What the task requires – Without any pictures, retype exactly the lines from the one with "Clearance Women's Long" through the final line of the records.

━━ Data provided ━━

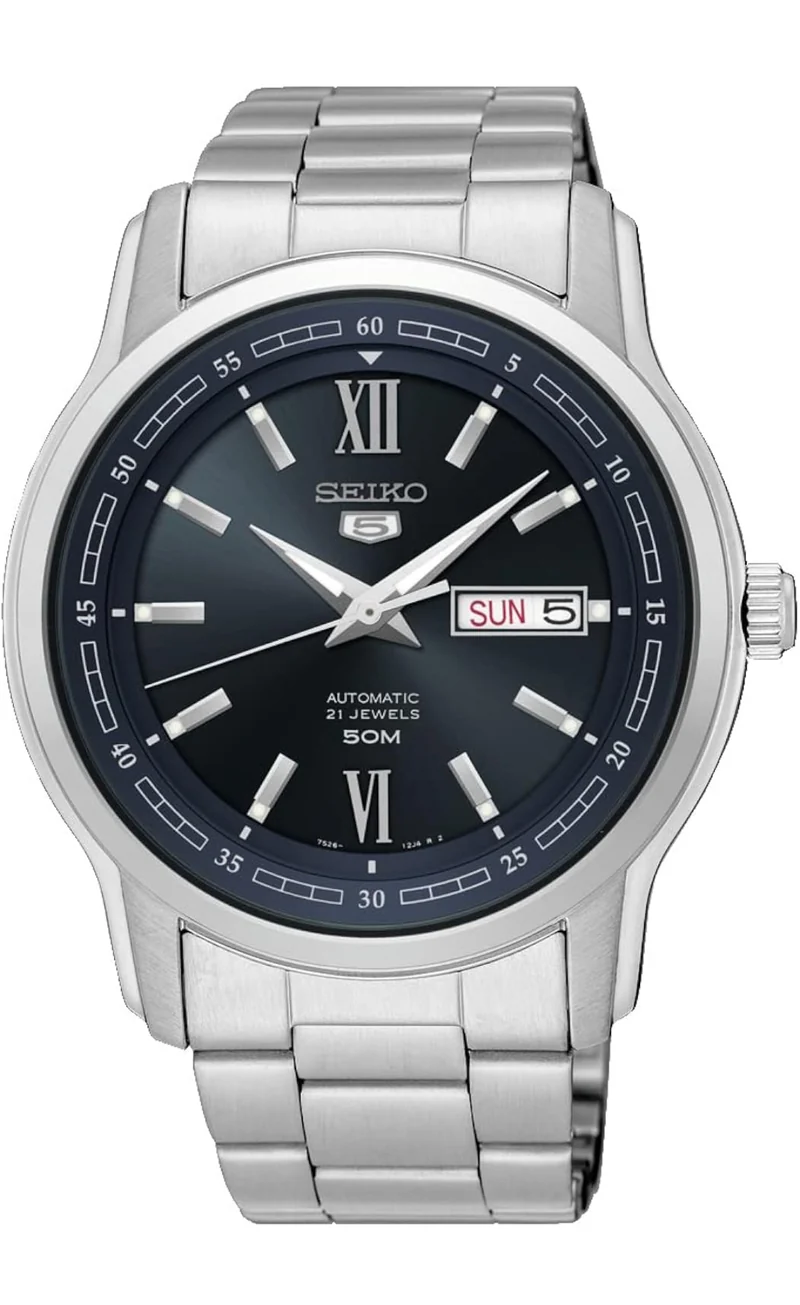 Seiko 5 Automatic Stainless Steel Watch 50M - Black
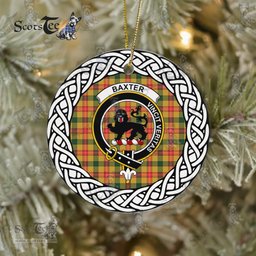 Baxter Tartan Ceramic Ornament Baxter Scottish Clan Crest Badge and Celtic Christmas Ornament Gifts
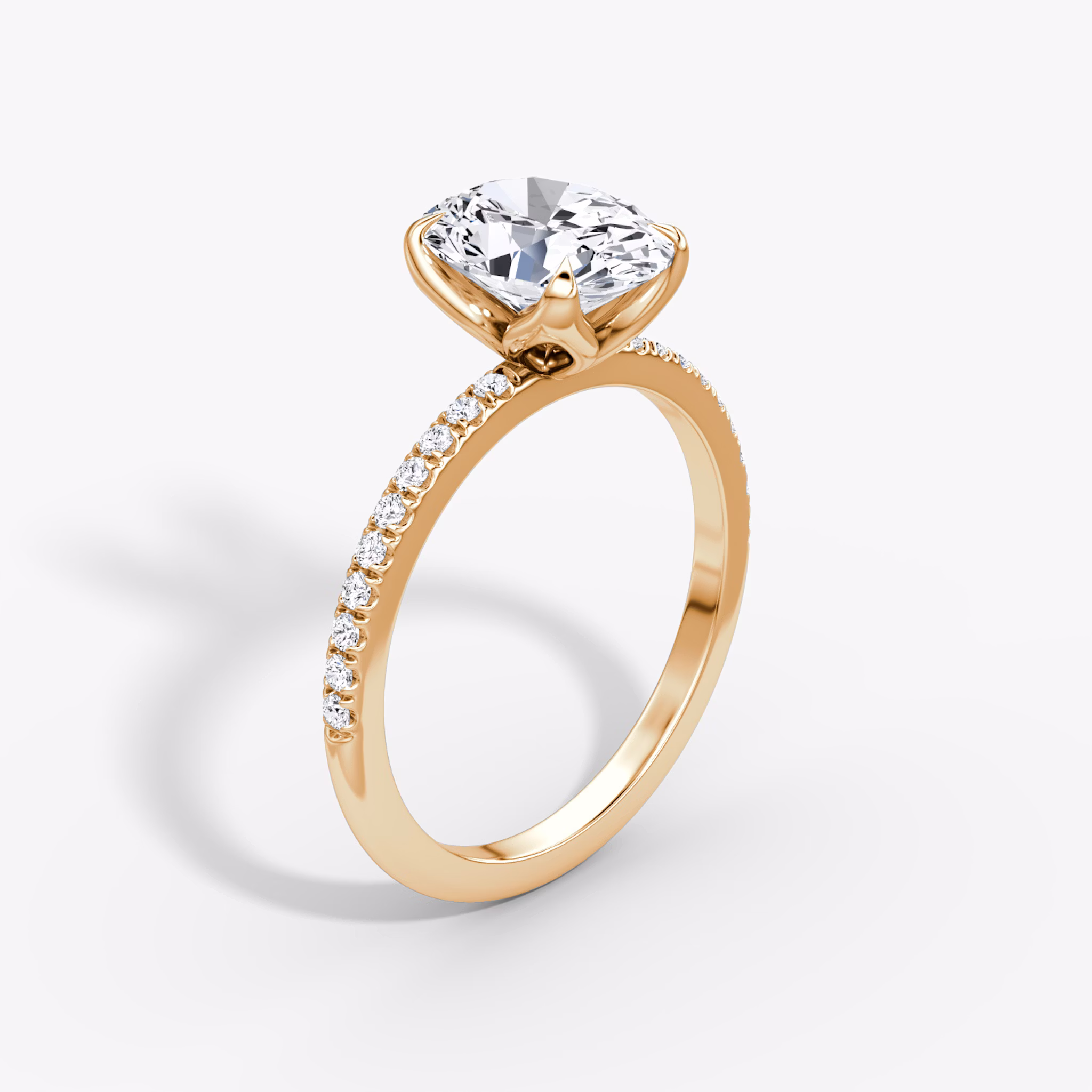 The Classic Petal | Oval | 14k | Rose Gold | bandAccent: Pavé | diamondOrientation: vertical | caratWeight: other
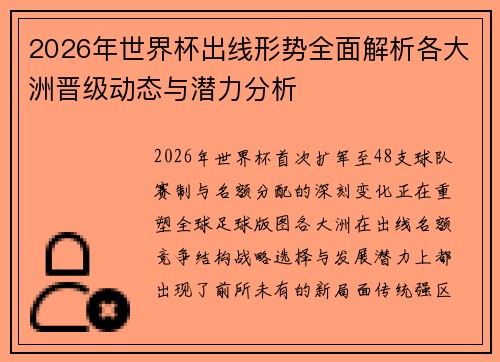 2026年世界杯出线形势全面解析各大洲晋级动态与潜力分析
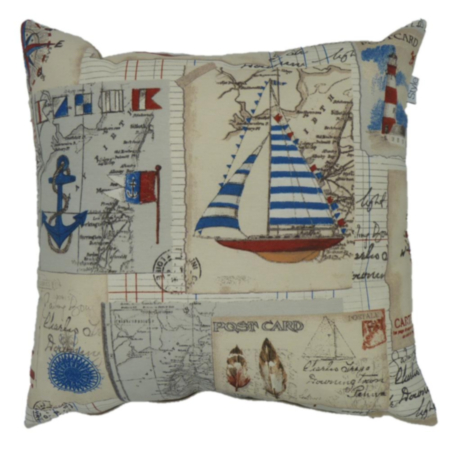 Nautical Filled Cushion - Blue - 45cm
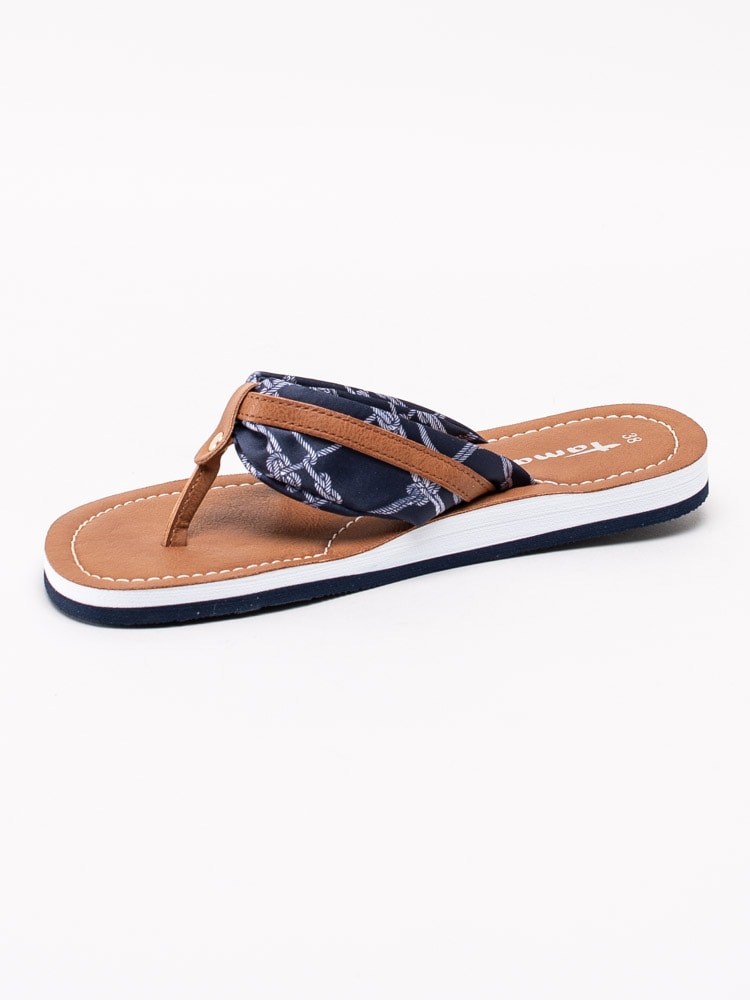 65201075 Tamaris 1-27109-24-823 Mörkblå flip-flops med mönster av rep-2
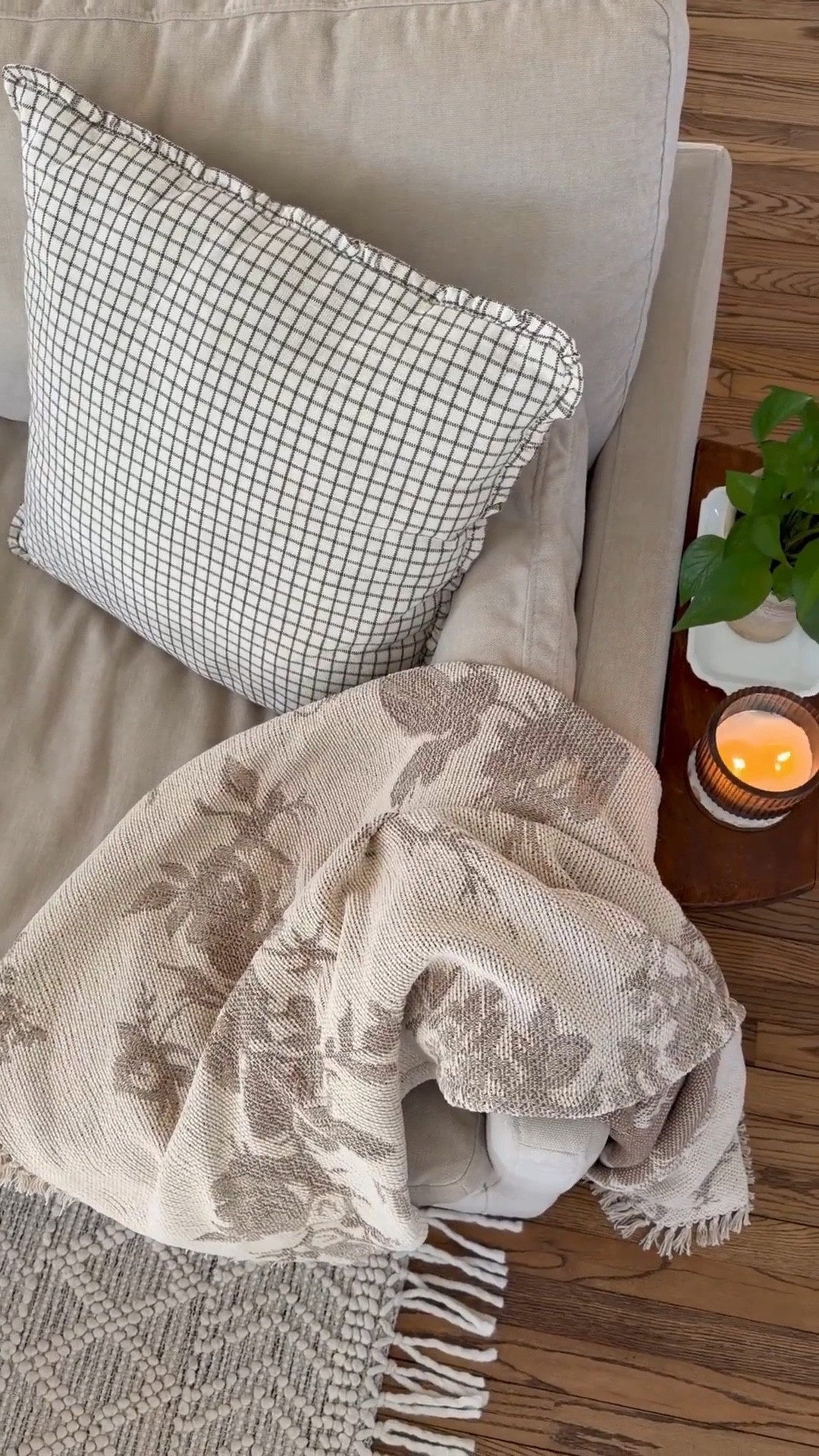 If you need me, this is where I’ll be 🥰 Loving this new combo: the Chris Loves Julia Dinah throw pillow and the @target Studio McGee woven blanket. 

Throw pillow details: it’s the Ivory/Earth color, best price I found was on Amazon, and I went with the 22x22 filled with poly. 

#LTKdayinmylife #LTKHome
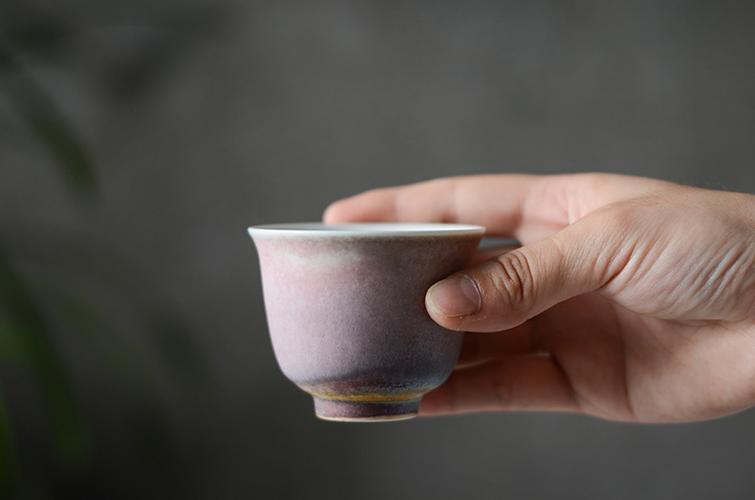 景德镇日式茶道粗陶茶杯主人杯陶瓷素红粉色杯小茶杯功夫茶杯茶具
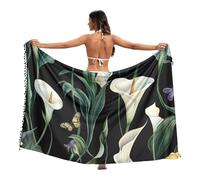 Amooorous Art Calla Lily Flower Verde e Bianco Costumi Da Bagno Donna Costume Da Bagno Largo Costumi Da Bagno Coverups Per Le Donne Vestito Da Spiaggia 114,3 x 178,8 cm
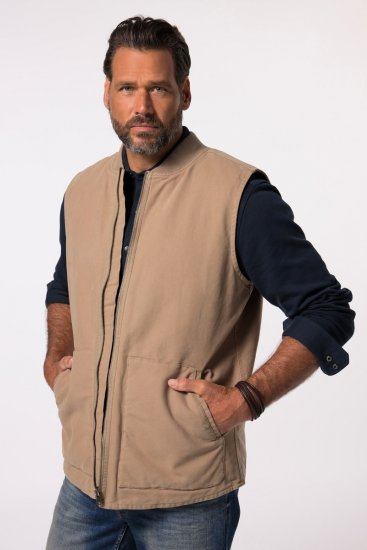 JP1880 834734 Gilet canvas Beige scuro - Giubbotti - Giubbotti Uomo Taglie Forti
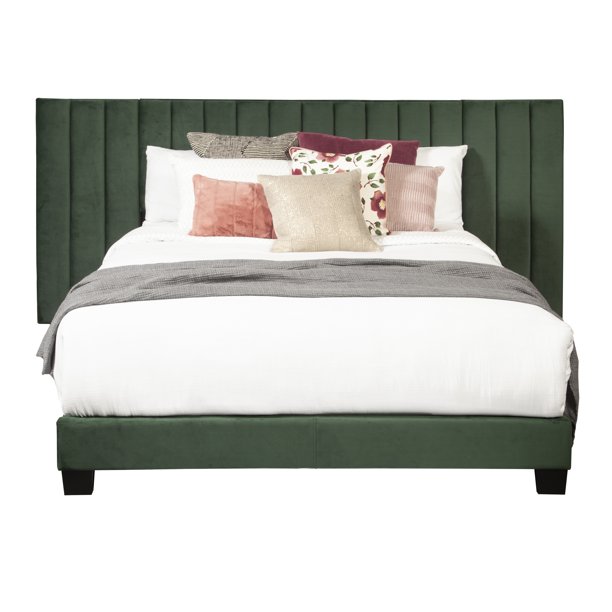 HomeFare Queen One Box Channeled Wall Upholstered Bed Emerald Green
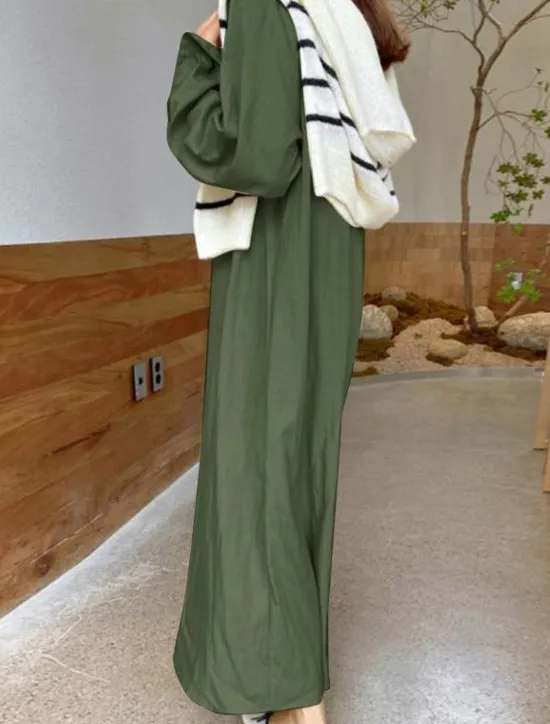 Clearance Women's Long Dress Maxi Dress Linen-Inspired Dresses Casual Dress Stylish Casual Vacation Daily Date Regular Fit Plain Long Sleeve Lapel Black Wine Khaki Army Green Summer Spring Women Dresses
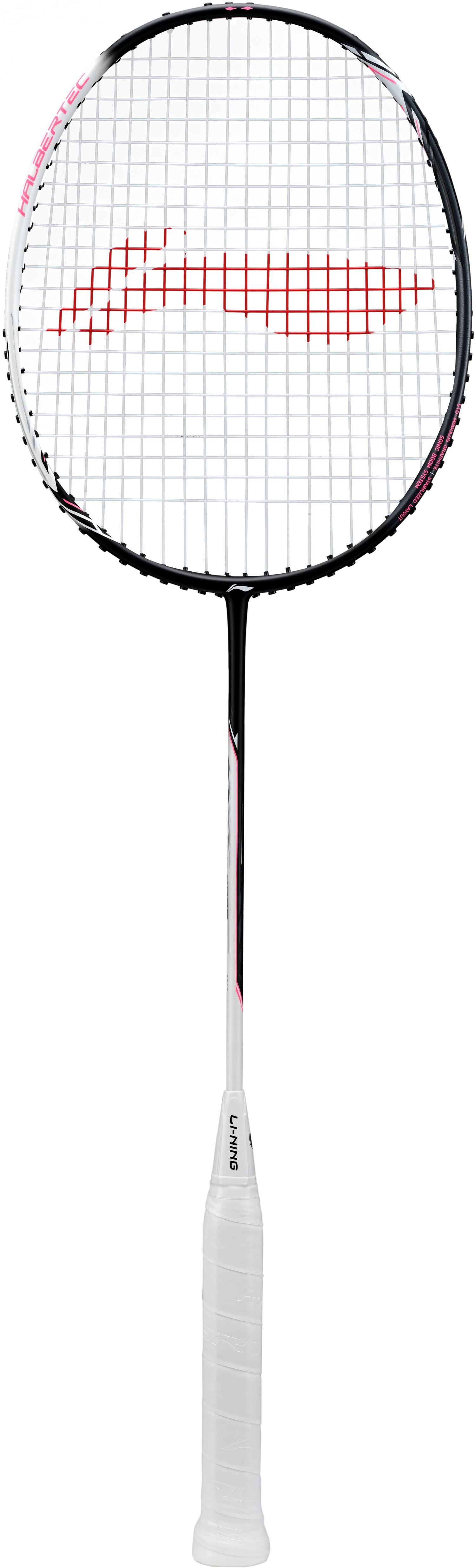 Badmintonschläger HalberTec 2000 (4U) white/black- bespannt  - AYPT377-4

━━━

Expected answer –
 Clearance Women's Long Dress Maxi Dress Linen-Inspired Dresses Casual Dress Stylish Casual Vacation Daily Date Regular Fit Plain Long Sleeve Lapel Black Wine Khaki Army Green Summer Spring Women Dresses
 Badmintonschläger HalberTec 2000 (4U) white/black- bespannt  - AYPT377-4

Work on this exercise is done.